— Data for review —
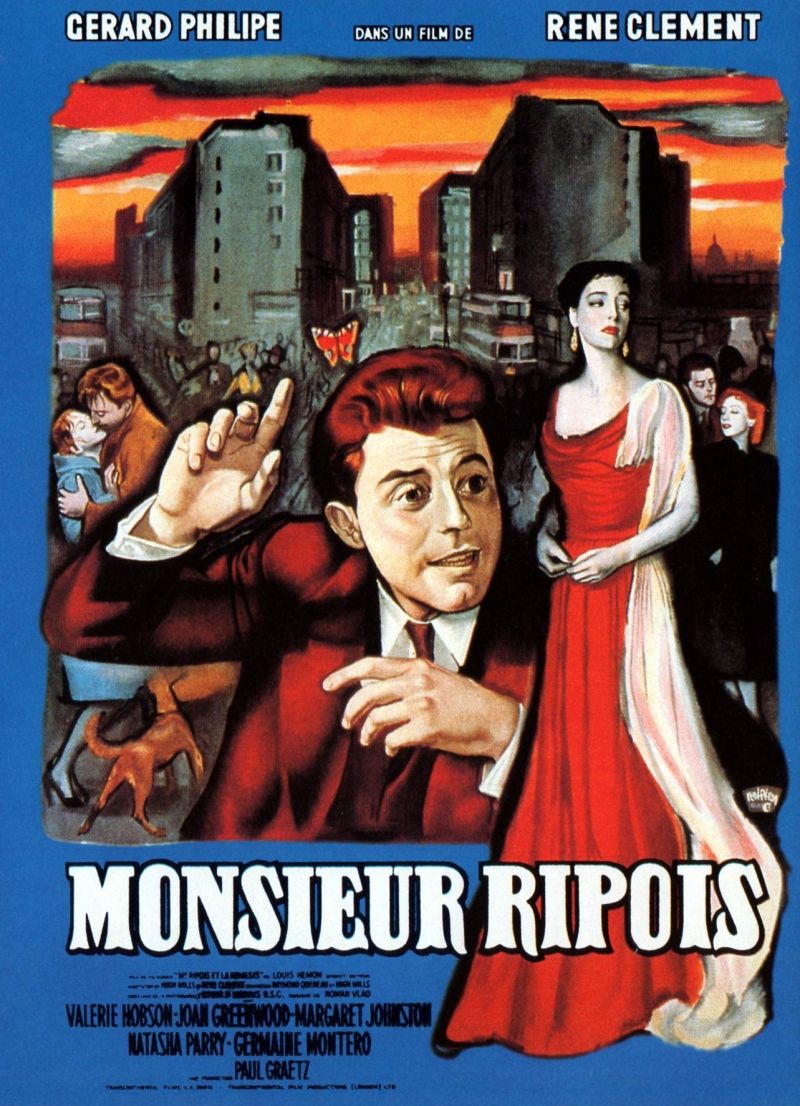 Monsieur Ripois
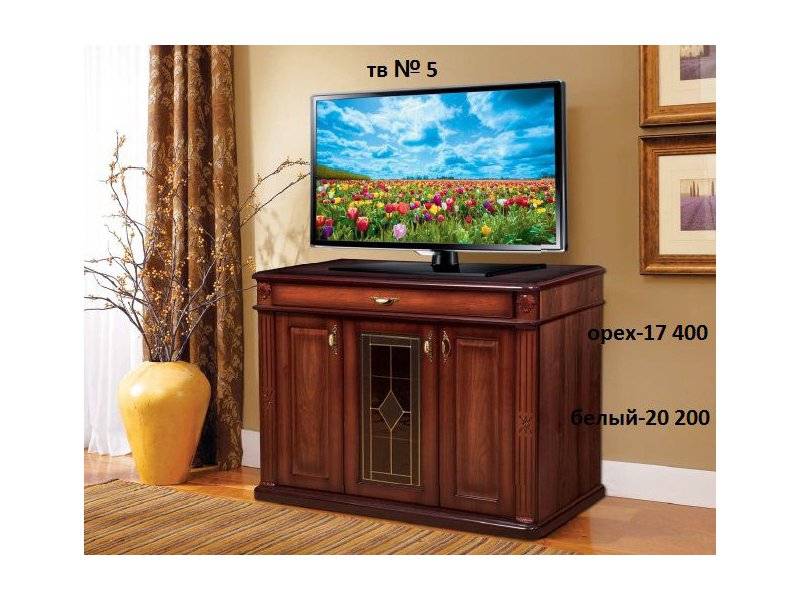 тв тумба № 5 венеция в Нижневартовске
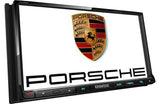 Porsche Splash Screen
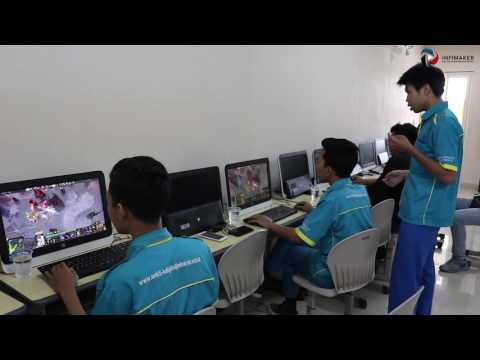 Turnamen Dota 2 STIKOM Bali Kampus Jimbaran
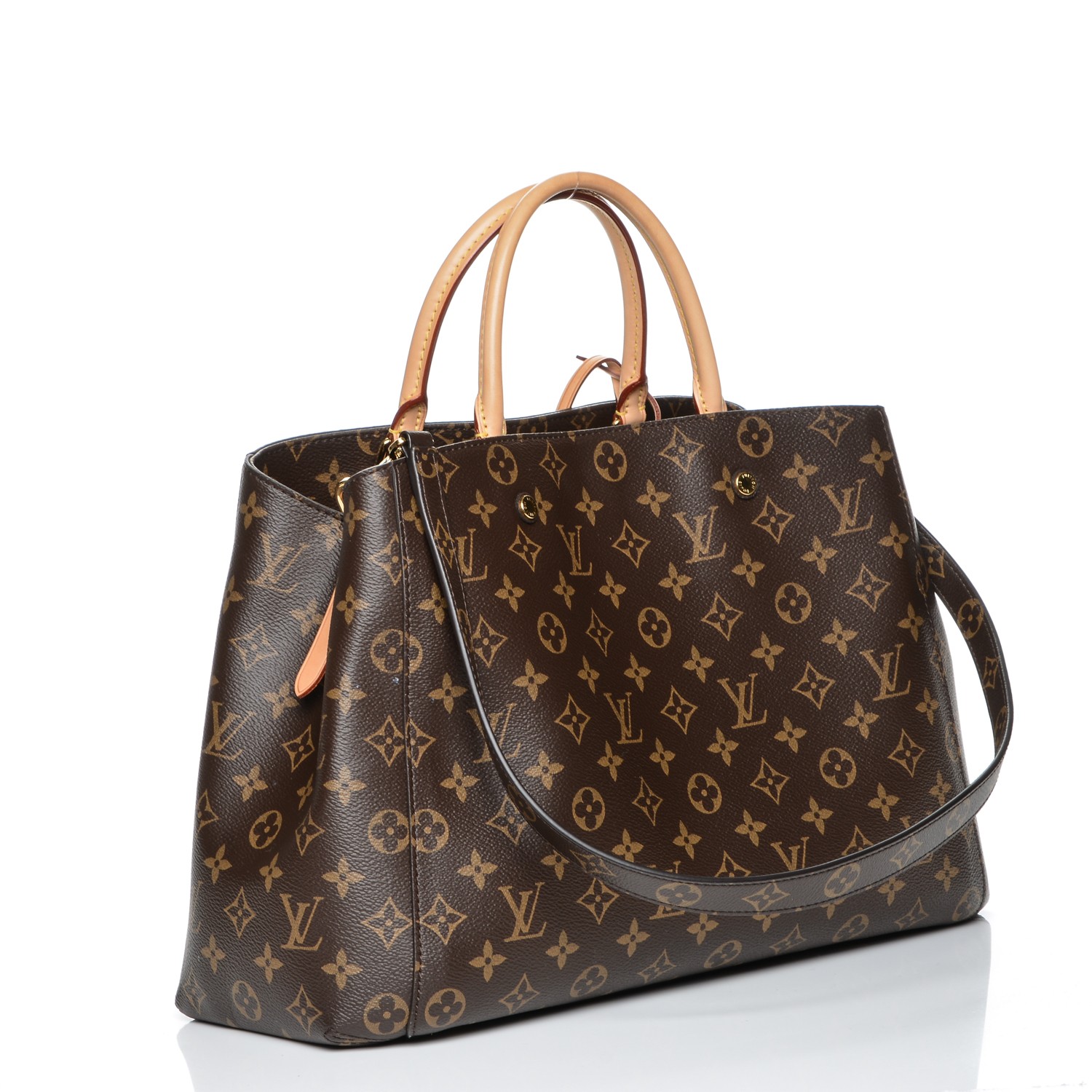 Louis Vuitton, Bags, Louis Vuitton Monogram Montaigne Gm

— What you will do —
Where an entry holds an image, drop the image and copy the remaining text exactly.

— Written response —
 Monsieur Ripois
 тв тумба № 5 венеция в Нижневартовске
 Porsche Splash Screen
 Turnamen Dota 2 STIKOM Bali Kampus Jimbaran
 Louis Vuitton, Bags, Louis Vuitton Monogram Montaigne Gm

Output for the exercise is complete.